Qué es la inflación y por qué es una amenaza para el ahorrador

Lo importante del esfuerzo que hacemos al ahorrar e invertir es que el dinero que guardamos nos permita mejorar nuestro poder adquisitivo con el paso de los años. Si la rentabilidad que logramos es menor que el aumento del coste de la vida, o sea, que la inflación, tendremos un problema en el futuro.

22/09/2017
Qué es la inflación y por qué es una amenaza para el ahorrador

¿Puede comprar hoy con 6.000 euros las mismas cosas que hace 15 años? ¿Verdad que no? Fíjese bien: la cantidad en euros no ha variado en este periodo, es exactamente la misma. Un ahorrador temeroso con los mercados, que hubiera guardado su dinero en el colchón, podría decir a priori que ha conseguido su objetivo, que era no perder dinero. Técnicamente habría que darle la razón, pero en la vida real no.

Los bienes y servicios que hace 15 años nos costaban 6.000 euros, hoy tendrían un precio superior a los 8.000 euros, de acuerdo con la calculadora del Instituto Nacional de Estadística (INE). Es decir, que en este periodo, la inflación se habría comido un tercio del valor de nuestros ahorros.

Un monstruo silencioso

Por eso, a la inflación se le suele presentar como un monstruo, que está en la sombra, dispuesto a pegarle un buen bocado a nuestro poder adquisitivo. Incluso el propio Banco Central Europeo (BCE) la caracteriza así en unos dibujos animados que ha creado para ayudar a los estudiantes a entender este riesgo.

La inflación es la subida generalizada de los precios de bienes y servicios a lo largo del tiempo, el encarecimiento continuado en la cesta de la compra.

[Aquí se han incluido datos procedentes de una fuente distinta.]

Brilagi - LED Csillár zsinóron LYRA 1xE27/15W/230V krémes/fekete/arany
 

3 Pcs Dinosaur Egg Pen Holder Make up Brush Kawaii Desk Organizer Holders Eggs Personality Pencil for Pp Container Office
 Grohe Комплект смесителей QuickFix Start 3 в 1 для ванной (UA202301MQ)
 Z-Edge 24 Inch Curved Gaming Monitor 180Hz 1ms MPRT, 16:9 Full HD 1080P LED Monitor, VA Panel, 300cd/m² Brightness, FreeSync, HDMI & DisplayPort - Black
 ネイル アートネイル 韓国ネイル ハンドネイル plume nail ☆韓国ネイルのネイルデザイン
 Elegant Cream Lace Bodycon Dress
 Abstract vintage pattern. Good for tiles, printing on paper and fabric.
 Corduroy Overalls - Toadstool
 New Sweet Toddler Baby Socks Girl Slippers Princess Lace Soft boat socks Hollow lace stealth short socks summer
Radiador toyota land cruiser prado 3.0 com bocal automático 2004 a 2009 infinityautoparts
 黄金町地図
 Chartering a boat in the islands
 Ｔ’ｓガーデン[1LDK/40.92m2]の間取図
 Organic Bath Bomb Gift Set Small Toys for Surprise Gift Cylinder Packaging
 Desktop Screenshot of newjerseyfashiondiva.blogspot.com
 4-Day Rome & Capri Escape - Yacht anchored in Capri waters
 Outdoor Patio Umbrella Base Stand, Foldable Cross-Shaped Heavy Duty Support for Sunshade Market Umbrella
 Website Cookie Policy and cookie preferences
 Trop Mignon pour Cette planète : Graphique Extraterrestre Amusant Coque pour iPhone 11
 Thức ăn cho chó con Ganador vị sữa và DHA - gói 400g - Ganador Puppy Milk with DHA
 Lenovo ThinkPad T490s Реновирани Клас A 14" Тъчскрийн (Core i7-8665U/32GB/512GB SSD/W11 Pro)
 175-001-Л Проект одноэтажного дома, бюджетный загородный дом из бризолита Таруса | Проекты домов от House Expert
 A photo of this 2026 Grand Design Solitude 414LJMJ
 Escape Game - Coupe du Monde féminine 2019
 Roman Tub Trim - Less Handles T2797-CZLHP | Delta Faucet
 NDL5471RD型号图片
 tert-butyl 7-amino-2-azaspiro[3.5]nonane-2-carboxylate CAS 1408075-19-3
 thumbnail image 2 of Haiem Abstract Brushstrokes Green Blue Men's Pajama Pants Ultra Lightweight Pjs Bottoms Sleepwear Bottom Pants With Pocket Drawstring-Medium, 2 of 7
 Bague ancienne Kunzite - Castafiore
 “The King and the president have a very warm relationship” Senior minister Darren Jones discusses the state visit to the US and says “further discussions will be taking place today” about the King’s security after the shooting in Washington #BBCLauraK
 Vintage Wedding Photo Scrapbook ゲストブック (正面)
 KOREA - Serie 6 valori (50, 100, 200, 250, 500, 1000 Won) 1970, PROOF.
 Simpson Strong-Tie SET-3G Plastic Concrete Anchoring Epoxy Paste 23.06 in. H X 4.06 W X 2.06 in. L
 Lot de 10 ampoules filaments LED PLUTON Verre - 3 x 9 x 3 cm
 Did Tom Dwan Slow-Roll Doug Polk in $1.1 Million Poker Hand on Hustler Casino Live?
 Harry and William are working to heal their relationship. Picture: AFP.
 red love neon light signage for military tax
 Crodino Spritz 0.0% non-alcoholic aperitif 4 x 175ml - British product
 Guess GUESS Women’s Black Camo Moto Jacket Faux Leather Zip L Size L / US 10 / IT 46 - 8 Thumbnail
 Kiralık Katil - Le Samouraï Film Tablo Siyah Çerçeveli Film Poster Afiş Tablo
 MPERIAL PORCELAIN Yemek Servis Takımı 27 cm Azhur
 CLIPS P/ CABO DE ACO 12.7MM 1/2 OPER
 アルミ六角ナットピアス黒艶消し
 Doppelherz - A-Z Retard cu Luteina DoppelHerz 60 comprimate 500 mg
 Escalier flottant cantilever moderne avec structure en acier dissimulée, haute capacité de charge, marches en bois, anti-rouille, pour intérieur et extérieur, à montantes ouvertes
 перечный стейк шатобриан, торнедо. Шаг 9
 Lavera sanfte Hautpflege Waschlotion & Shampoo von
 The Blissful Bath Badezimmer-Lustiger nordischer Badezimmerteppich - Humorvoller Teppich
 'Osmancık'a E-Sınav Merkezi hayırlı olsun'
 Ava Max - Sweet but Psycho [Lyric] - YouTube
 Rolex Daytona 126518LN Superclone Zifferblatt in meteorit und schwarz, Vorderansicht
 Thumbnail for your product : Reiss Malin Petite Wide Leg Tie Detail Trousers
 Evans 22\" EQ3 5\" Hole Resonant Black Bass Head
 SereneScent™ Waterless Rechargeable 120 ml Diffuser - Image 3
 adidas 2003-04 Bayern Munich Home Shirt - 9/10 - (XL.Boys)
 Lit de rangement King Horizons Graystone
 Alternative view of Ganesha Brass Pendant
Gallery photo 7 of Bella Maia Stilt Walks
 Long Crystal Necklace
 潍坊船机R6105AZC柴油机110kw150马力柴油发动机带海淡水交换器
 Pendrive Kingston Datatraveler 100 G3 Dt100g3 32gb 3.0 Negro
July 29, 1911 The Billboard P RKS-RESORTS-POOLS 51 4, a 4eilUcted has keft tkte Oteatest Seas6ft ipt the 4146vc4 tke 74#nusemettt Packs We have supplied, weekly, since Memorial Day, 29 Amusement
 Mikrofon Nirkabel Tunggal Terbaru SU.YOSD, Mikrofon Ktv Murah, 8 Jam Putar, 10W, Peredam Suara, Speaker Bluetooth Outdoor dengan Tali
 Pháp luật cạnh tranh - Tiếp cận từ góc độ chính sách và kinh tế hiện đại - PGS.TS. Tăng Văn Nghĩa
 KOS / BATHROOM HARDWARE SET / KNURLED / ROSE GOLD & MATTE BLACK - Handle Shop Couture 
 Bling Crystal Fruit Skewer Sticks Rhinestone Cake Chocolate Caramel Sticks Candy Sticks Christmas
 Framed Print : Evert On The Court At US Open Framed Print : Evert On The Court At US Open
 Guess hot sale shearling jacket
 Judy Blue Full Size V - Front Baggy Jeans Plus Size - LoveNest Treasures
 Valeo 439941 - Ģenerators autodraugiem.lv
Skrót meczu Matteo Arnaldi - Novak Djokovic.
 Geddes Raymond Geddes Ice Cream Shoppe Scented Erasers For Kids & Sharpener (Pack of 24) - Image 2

Este incremento ha sido más desproporcionado a lo largo de la historia en los periodos posteriores a dispararse el volumen de dinero en circulación, lo que ha generado graves crisis económicas y sociales.

Mientras no se dispare, para los bancos centrales y los gobiernos, un crecimiento de la inflación moderado es una buena noticia, porque según sus modelos, genera confianza y contribuye al crecimiento económico. Sin embargo, para el ahorrador siempre es un rival.

 

Alto coste a largo plazo

Aún cuando esta subida de los precios sea contenida, le obliga a obtener al menos una revalorización similar en su dinero, si quiere al menos mantener su poder de compra. Sobre todo, si miramos a largo plazo, donde el efecto se va multiplicando.

Y especialmente en el ahorro para la jubilación. De hecho, una inflación anual del 2%, que es el objetivo del BCE, supone que dentro de 30 años el ‘valor’ de nuestro dinero será casi la mitad del actual. Y eso siempre que se mantenga contenida y no se desboque, el impacto en ese caso ya puede ser abismal.

Para combatir: activos reales

El ahorrador necesita obtener sí o sí rentabilidad para su dinero, si no quiere sufrir las iras de la inflación. No tomar decisiones por miedo a la volatilidad de los mercados financieros tiene en realidad un elevado riesgo de perder poder adquisitivo, como muestran las matemáticas.

La inversión en activos reales puede ayudarnos a combatir esta amenaza silenciosa. Especialmente, si somos capaces de identificar compañías con capacidad de fijación de precios, que pueden trasladar a sus bienes y servicios los incrementos de costes sin perder ventas.

Hacer un análisis profundo y exhaustivo resulta esencial para poder elegir los ganadores en esta batalla y hacer que nuestro dinero crezca más y mejor que la inflación.